Plus engagée encore, la piste de Touchétie par le col d'Abano grimpe à 2 826 m. Elle est fermée de la mi-octobre à la mi-juin et se pratique uniquement en 4x4. Attention : la plupart des contrats de location excluent ce type de piste. Le ministère résume bien la situation : « un véhicule tout-terrain 4 roues motrices est préférable pour se déplacer sur le réseau secondaire en Géorgie ».
Police, contrôles et amendes : les règles à connaître
Les limitations sont proches des nôtres : 60 km/h en ville, 90 km/h hors agglomération, 110 km/h sur voie rapide pour une voiture, et 20 km/h en zone résidentielle. À Tbilissi, quelques axes montent à 70 ou 80 km/h. Une tolérance d'environ 14 km/h est couramment constatée, sans garantie.
Bon point côté police : les interventions sont filmées, ce qui a beaucoup réduit les tentatives de corruption. Les amendes restent modérées : env. 13 € pour la ceinture, 18 € pour un excès de vitesse, 40 € pour une ligne continue franchie, plus de 350 € pour l'alcool au volant. En location, elles sont prélevées sur votre caution, parfois des semaines après le retour.
Sur l'alcool justement, les sources divergent : diplomatie.gouv.fr annonce 0 g/l quand la loi géorgienne fixe 0,3 g/l. Notre recommandation tient en un mot : zéro. En cas d'accident, même léger, appelez la police au 112 pour faire établir le constat : c'est le premier réflexe attendu, et votre assurance l'exigera.
Conclusion : louer une voiture en Géorgie, bonne idée ?
Oui, franchement. La voiture reste le meilleur moyen d'explorer le Caucase, ses vallées et ses monastères perchés, à condition de respecter cinq règles simples :
- Assurance frontière dès l'entrée si vous venez avec votre véhicule : 30 GEL les 15 jours, sur tpl.ge ou au poste-frontière.
- Couverture complète sans franchise en location, car la majorité des voitures locales ne sont pas assurées.
- Permis international en poche, avec traduction en géorgien si possible.
- Pas de conduite de nuit, et prudence maximale face aux animaux et aux nids-de-poule.
- 4x4 obligatoire pour la Touchétie, fortement conseillé sur le réseau secondaire.
Avec ces précautions, conduire devient un plaisir : distances courtes, paysages immenses. Il ne reste qu'à tracer votre boucle dans notre guide de voyage Géorgie.
FAQ rapide
Peut-on conduire en Géorgie avec un permis français ?
Oui, il est accepté pour un court séjour. Le permis international reste fortement recommandé par diplomatie.gouv.fr, idéalement avec sa traduction en géorgien.
Combien coûte l'assurance frontière ?
30 GEL pour 15 jours (env. 10 €), 50 GEL pour 30 jours, 90 GEL pour 90 jours. Obligatoire pour tout véhicule immatriculé à l'étranger, elle s'achète à la frontière ou sur tpl.ge.
Faut-il un 4x4 pour conduire en Géorgie ?

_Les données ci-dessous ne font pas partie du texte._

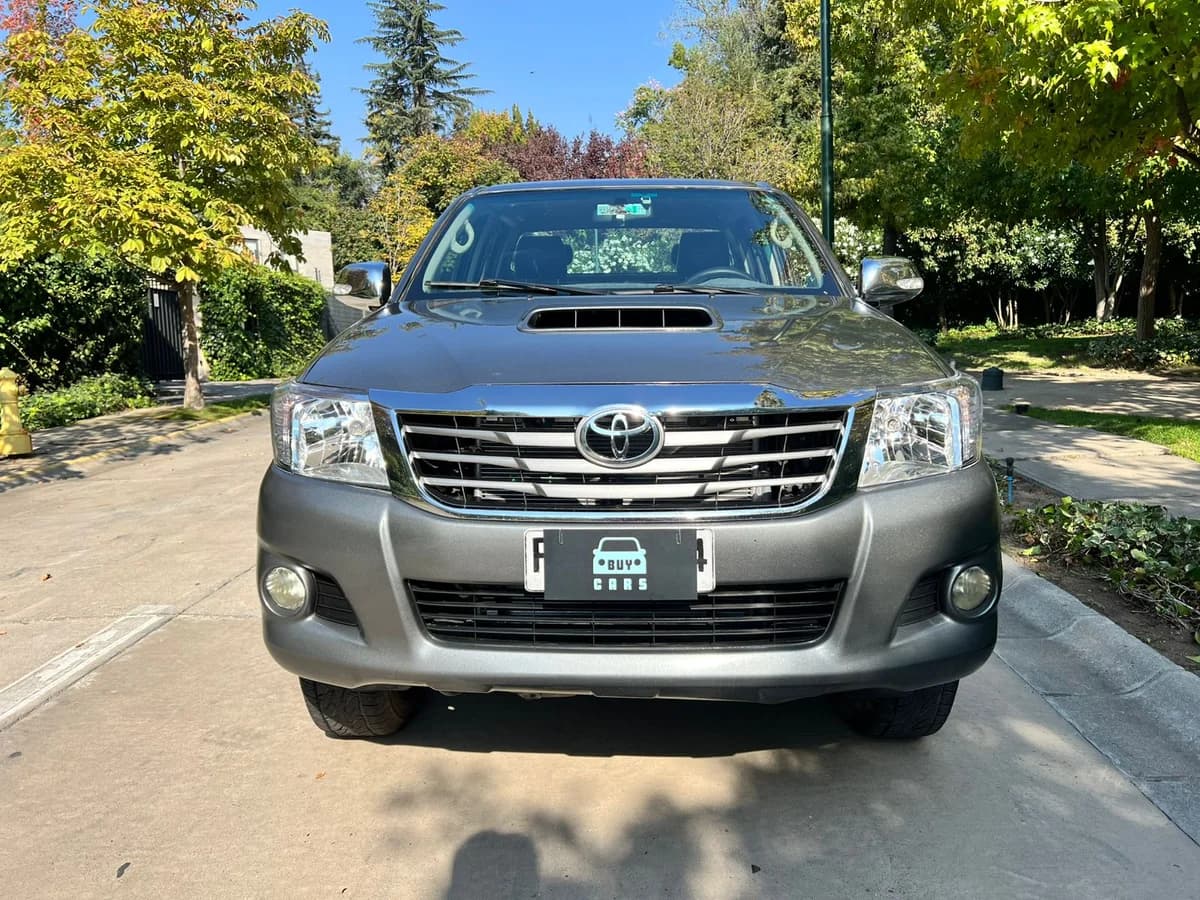 TOYOTA HILUX 2.5L DIESEL SR DC 4X2 - Imagen 4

Pas sur les grands axes. Il devient préférable sur le réseau secondaire et obligatoire pour la Touchétie : col d'Abano à 2 826 m, ouvert de mi-juin à mi-octobre.

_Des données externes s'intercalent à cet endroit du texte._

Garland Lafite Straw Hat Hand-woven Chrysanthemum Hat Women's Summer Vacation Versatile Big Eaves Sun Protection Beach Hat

Peut-on aller en Géorgie avec sa voiture depuis la France ?
Oui, l'itinéraire classique passe par la Turquie. À l'entrée, souscrivez l'assurance frontière géorgienne : votre carte verte française ne couvre pas le pays.
La conduite de nuit est-elle risquée ?
Oui : éclairage faible, animaux sur la chaussée, véhicules mal éclairés, nids-de-poule invisibles. Planifiez vos étapes pour arriver avant la tombée de la nuit.